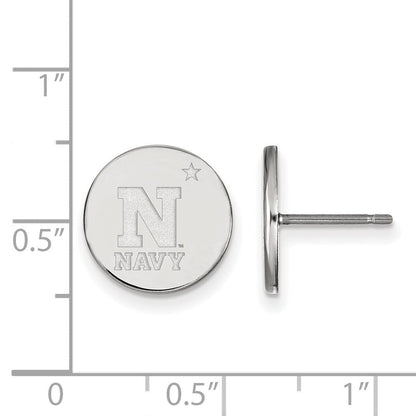Sterlingsilber Rhodiniert Logoart Us Naval Akademie Klein Plättchen Ohrstecker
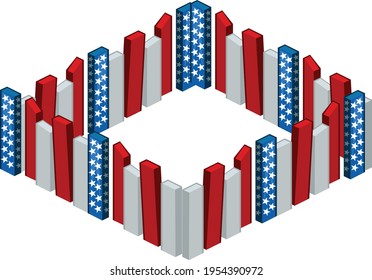 American flag fence vector isolated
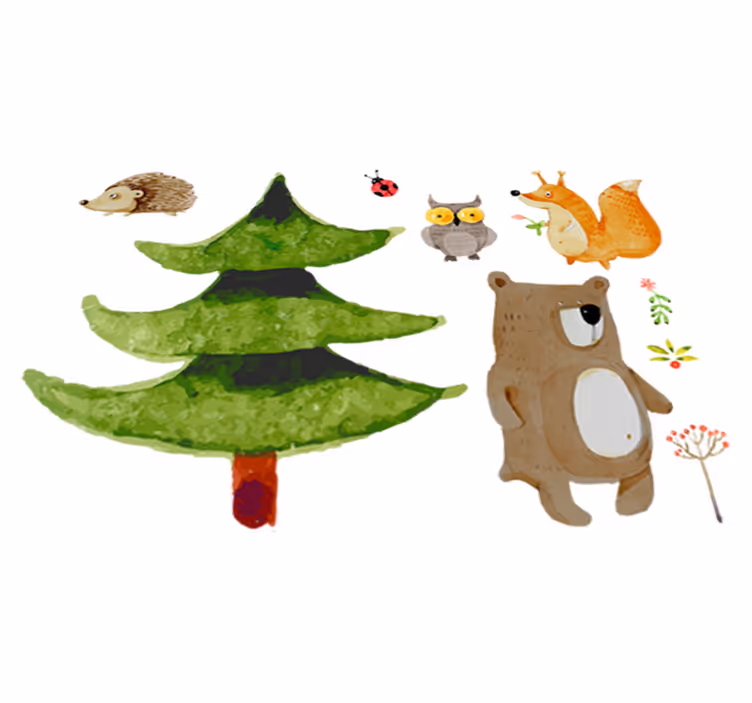 Kids vinyl carpet wild forest creatures - TenStickers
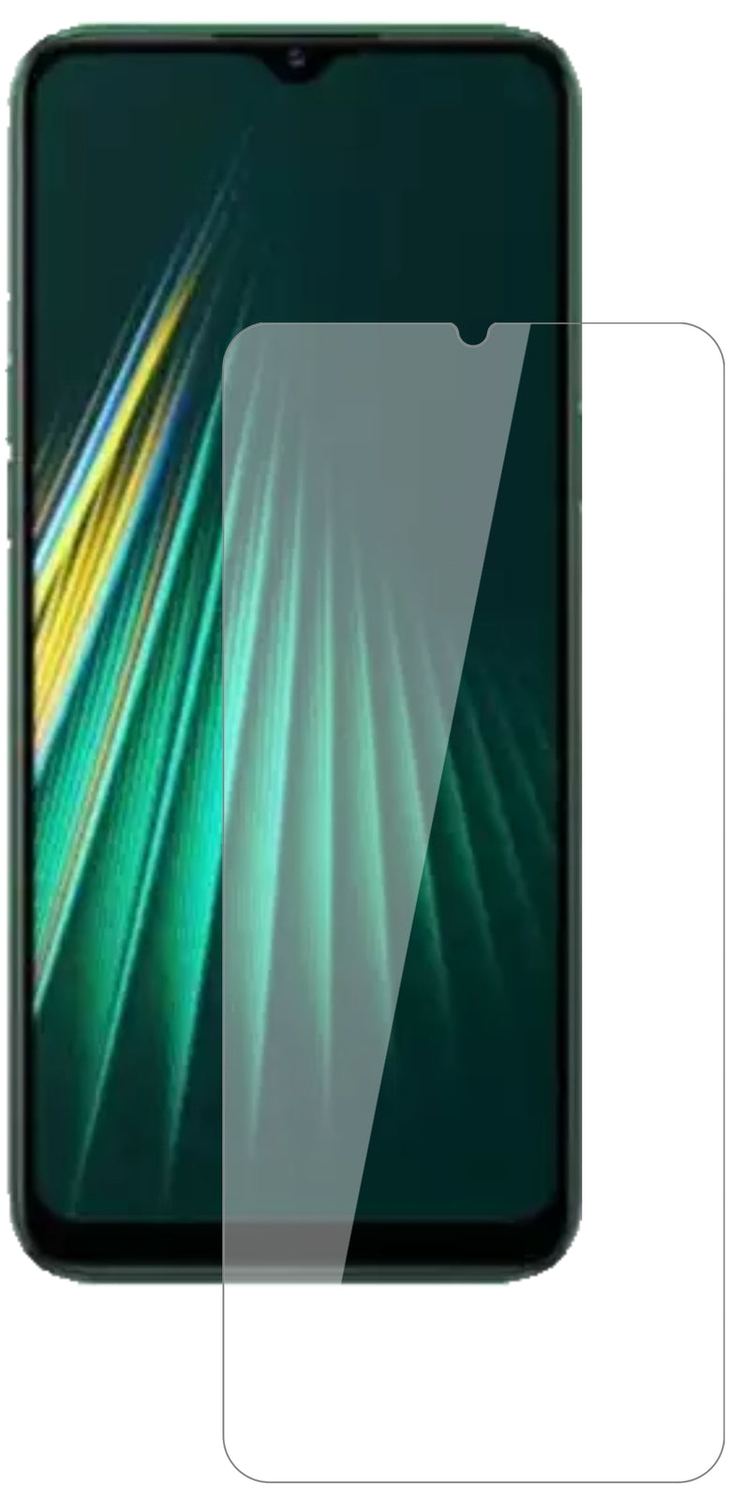 OppoRealme 5i mit aufgebrachter dipos Flex Schutzfolie, glasklare Darstellung ohne Einschränkungen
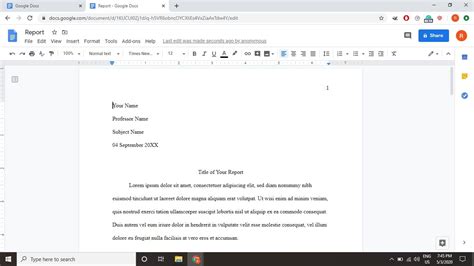 Google Doc Mla Template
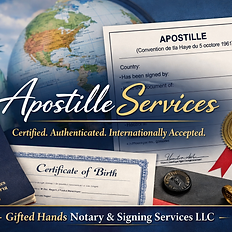 Apostille Services with passport, birth certificate, and official seal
——————
▸ **Task statement**
From top to bottom, restate the records above exactly and omit every picture.

▸ **Completed task**
Sterlingsilber Rhodiniert Logoart Us Naval Akademie Klein Plättchen Ohrstecker
 American flag fence vector isolated
 Kids vinyl carpet wild forest creatures - TenStickers
 OppoRealme 5i mit aufgebrachter dipos Flex Schutzfolie, glasklare Darstellung ohne Einschränkungen
 Google Doc Mla Template
 Apostille Services with passport, birth certificate, and official seal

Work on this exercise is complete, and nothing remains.